# Supplied records
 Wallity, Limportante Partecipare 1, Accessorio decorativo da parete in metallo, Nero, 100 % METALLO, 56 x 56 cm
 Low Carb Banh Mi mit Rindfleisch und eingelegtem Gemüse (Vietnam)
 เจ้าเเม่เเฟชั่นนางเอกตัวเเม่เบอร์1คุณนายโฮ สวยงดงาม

==

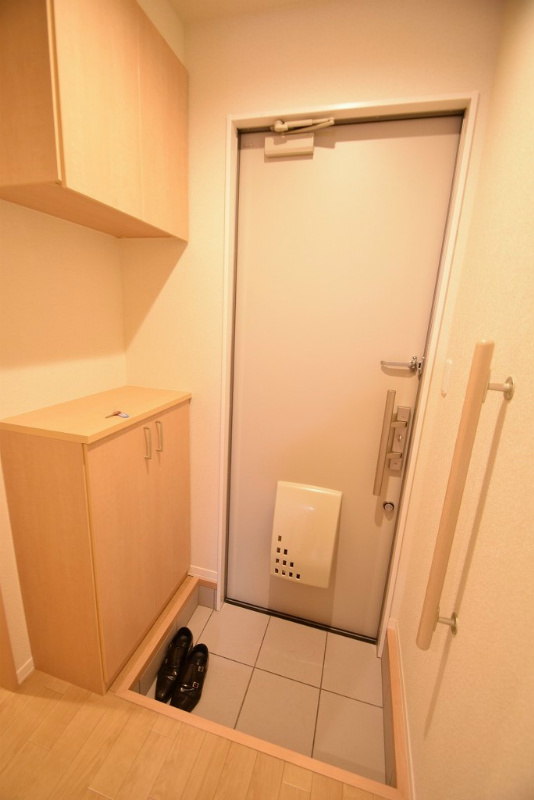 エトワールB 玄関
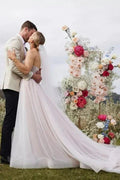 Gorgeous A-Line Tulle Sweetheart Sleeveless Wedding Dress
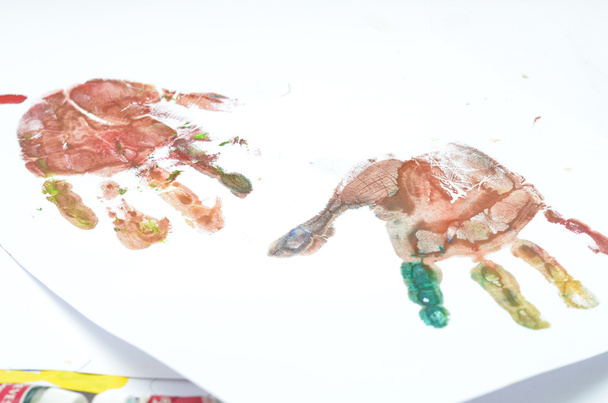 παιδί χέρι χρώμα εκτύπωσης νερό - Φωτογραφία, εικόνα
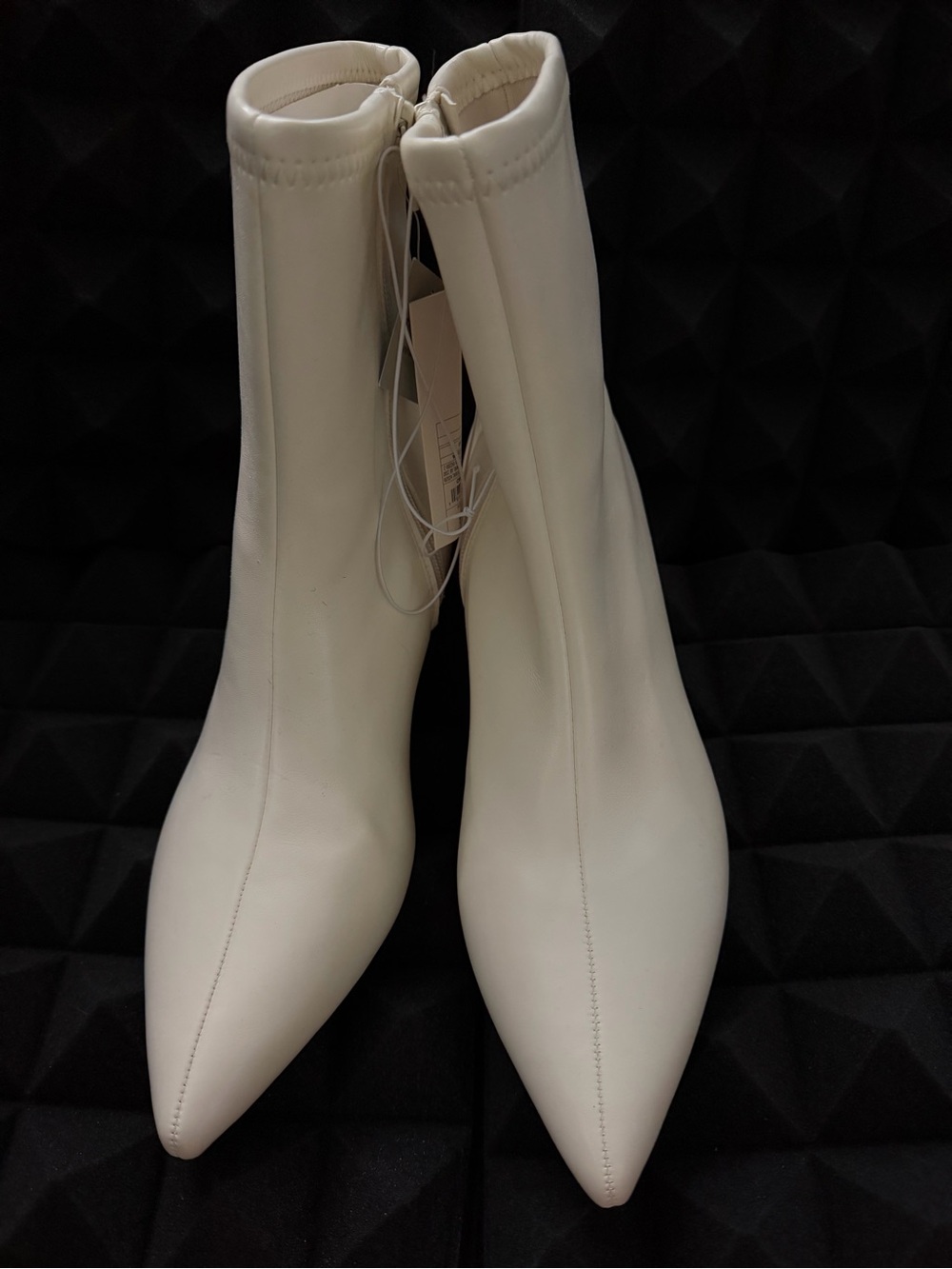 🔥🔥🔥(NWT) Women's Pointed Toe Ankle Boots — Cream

# Directions for this task
Print exactly the lines of the listing above starting at the line containing "Wallity, Limportante Partecipare" and ending at the line containing "เจ้าเเม่เเฟชั่", both included.

# Your response
 Wallity, Limportante Partecipare 1, Accessorio decorativo da parete in metallo, Nero, 100 % METALLO, 56 x 56 cm
 Low Carb Banh Mi mit Rindfleisch und eingelegtem Gemüse (Vietnam)
 เจ้าเเม่เเฟชั่นนางเอกตัวเเม่เบอร์1คุณนายโฮ สวยงดงาม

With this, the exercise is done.